Lecture 4 Numerical Integration

4.1 From Mechanisms to Kinetic Data

One reason to study the kinetics of reactions is beacause kinetic data can provide us with information about reaction mechanisms. Often, we start by collecting experimental concentration-time data for some reaction, and using this to deduce an empirical rate law (see CH12002 Lecture 4). Once we have an empirical rate law, this can inform our thinking around possible reaction mechanisms. The rate law may be of the same form as for another reaction where we know the mechanism, and so we propose that our current reaction proceeds by an equivalent mechanism. Or our empirical rate law simply acts as a constraint: any proposed mechanisms must give a theoretical rate law that is consistent with out experimentally deduced rate law.
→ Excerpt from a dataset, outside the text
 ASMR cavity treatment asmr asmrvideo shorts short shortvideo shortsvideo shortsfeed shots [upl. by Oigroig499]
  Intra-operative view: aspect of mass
Alternatively, we might start from some hypothetical reaction mechanism: perhaps proposed on the basis of some prior chemical knowledge we have about our specific reaction. From this proposed mechanism, we can predict the shape of concentration-time profiles we would expect in experiments, given that our mechanism is correct, and then compare our predicted concentration-time profiles to those obtained from experiments. If we find good agreement between our predicted concetration-time data and those recorded experimentally then this provides support for our proposed mechanism being correct. If our predicted concentration-time data, however, do not agree with our experimental results — in particular, if the predicted and experimental concentration-time profiles have qualitatively different shapes — then we can reject the proposed mechanism on the basis that it is inconsistent with experiment.

4.2 The Role of Integration in Chemical Kinetics

For simple reaction mechanisms, we can often derive analytical expressions for how concentrations change with time. Consider a first-order reaction \(\mathrm{A} \longrightarrow \mathrm{B}\). The differential rate equation is

\[\begin{equation} \frac{\mathrm{d}[\mathrm{A}]}{\mathrm{d}t} = -k[\mathrm{A}] \tag{4.1} \end{equation}\]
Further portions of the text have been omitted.